*What you are asked to do*.
Print the listing below exactly, images excluded.

*Data segment*.
::::
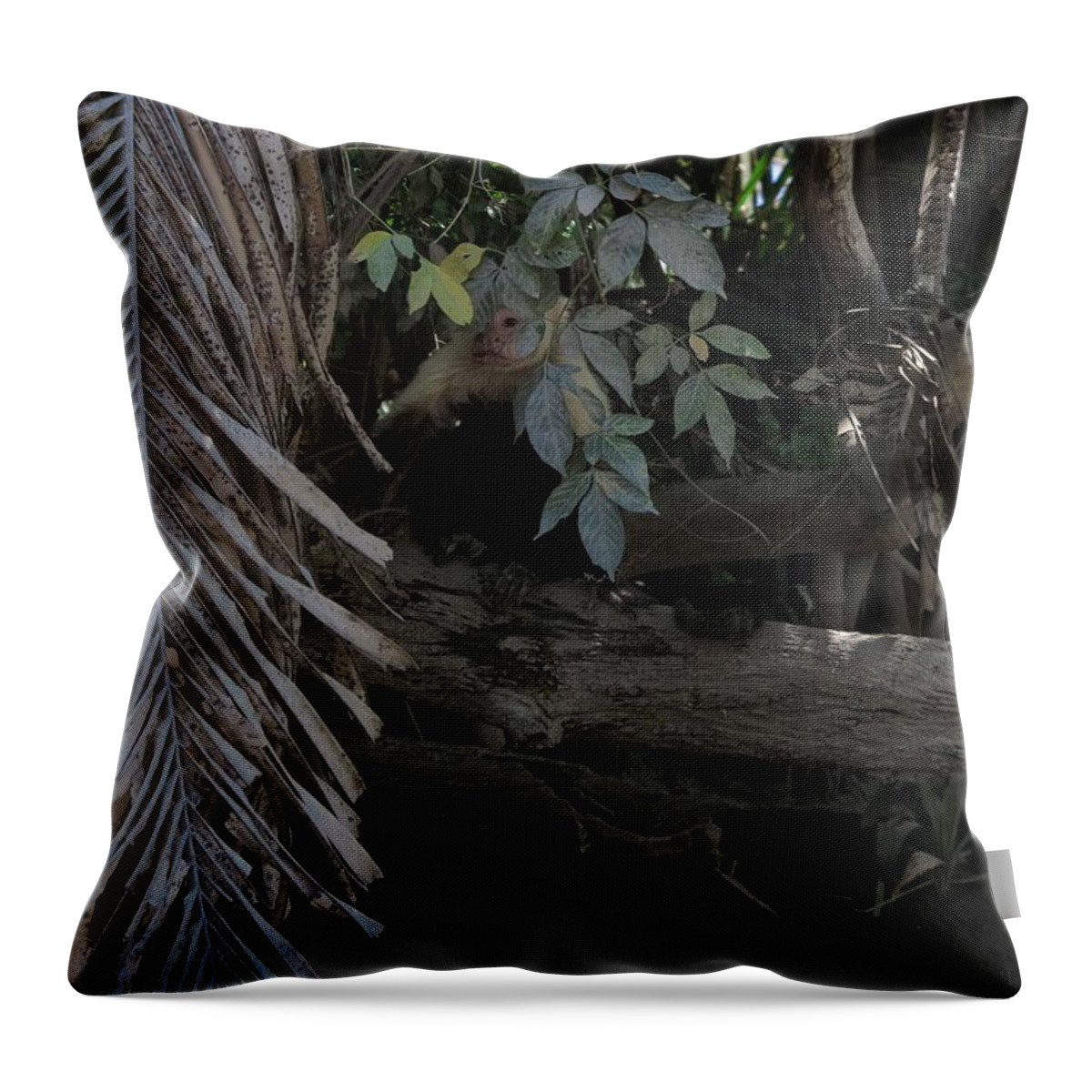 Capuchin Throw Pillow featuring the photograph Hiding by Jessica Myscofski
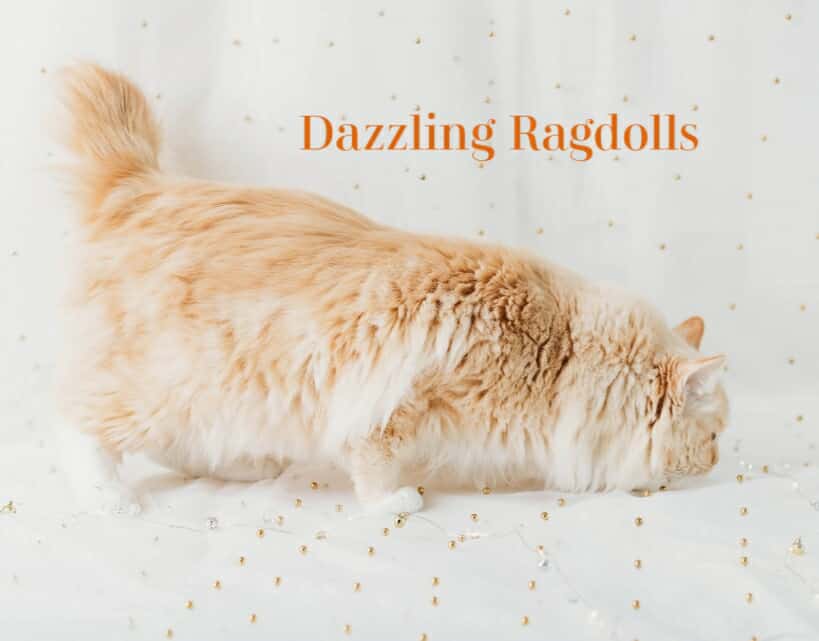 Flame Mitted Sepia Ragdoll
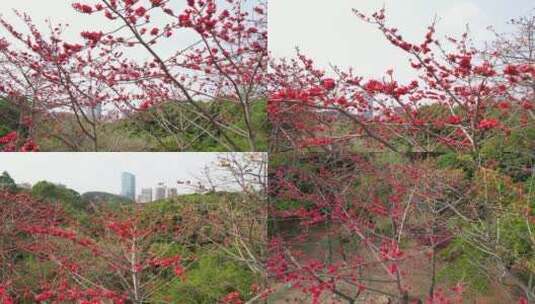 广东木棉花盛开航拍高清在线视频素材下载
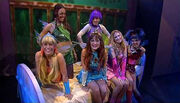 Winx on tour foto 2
::::
*Solved problem*.
 Capuchin Throw Pillow featuring the photograph Hiding by Jessica Myscofski
 Flame Mitted Sepia Ragdoll
 广东木棉花盛开航拍高清在线视频素材下载
 Winx on tour foto 2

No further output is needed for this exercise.